PARKERS PRAIRIE, Minn. – Christie Eichholz once thought that the trains passing just a few blocks from her house were filled with harmless grain.
Then earlier this year, a train derailed a mile north of town, spilling 15,000 gallons of North Dakota crude into the snow. Ten days ago, an explosion and fire caused by 70-plus derailed oil tankers in Canada left 50 presumed dead.
Now, the familiar trains appear more ominous, she said. "To me, it's definitely concerning."
In this small western Minnesota city north of Alexandria, as well as for others along the state's crisscrossing rail lines, there's a growing unease about trains that are increasingly weighed down by oil from booming North Dakota.

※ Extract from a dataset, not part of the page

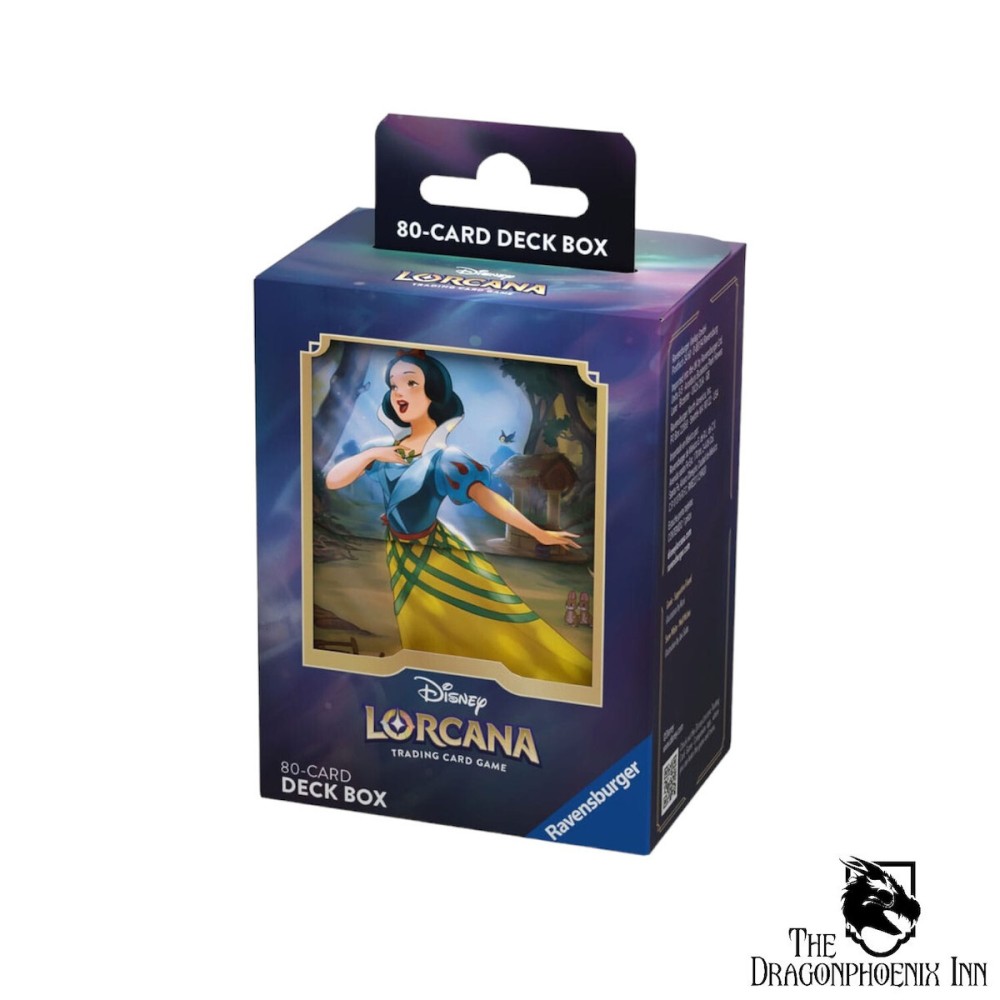 DISNEY - Lorcana - Deck Box - Snow White - Chapter 4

Because oil wells are extracting far more oil than the pipelines can carry, the amount of U.S. crude oil traveling by rail has skyrocketed, from 9,500 cars in 2008 to more than 233,000 last year. This year's totals are on pace to exceed 380,000.

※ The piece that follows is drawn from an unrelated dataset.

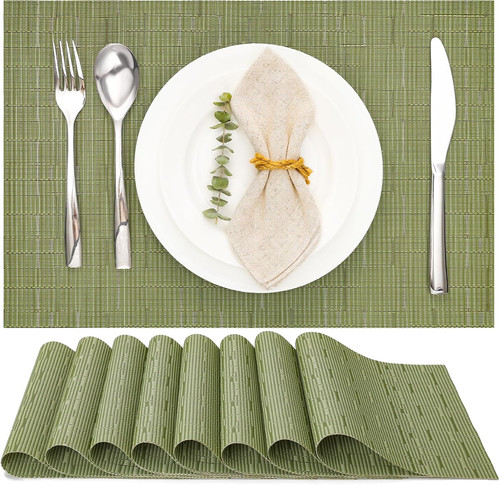 Table mats placemats set - set, 8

Minnesota doesn't keep track of rail use or what trains are carrying. But Minnesota's two largest railroads — Canadian Pacific and BNSF Railway Co. — have direct lines from the North Dakota oil fields and are quick to tout their growth there. CP is "positioned for [crude oil] carloads to grow by a factor of two to three times," according to its presentation at a recent conference. In 2012, it transported 53,500 cars of crude. It expects to move 140,000 to 210,000 by 2016.
The state's small cities have a complicated relationship with rail service, which moves much of the agricultural haul on which their regions depend. Many Parkers Prairie residents said they're pleased that the railroad remains busy and even credit the March oil spill with a mini economic boom — railroad workers packed the local motel and ordered hamburgers by the dozens.
"Sure, there are dangers, but boy, the benefits outweigh them by far," said Jody Sigfrid, owner of Jody's Family Haircare, as she snipped a teenage girl's dark locks.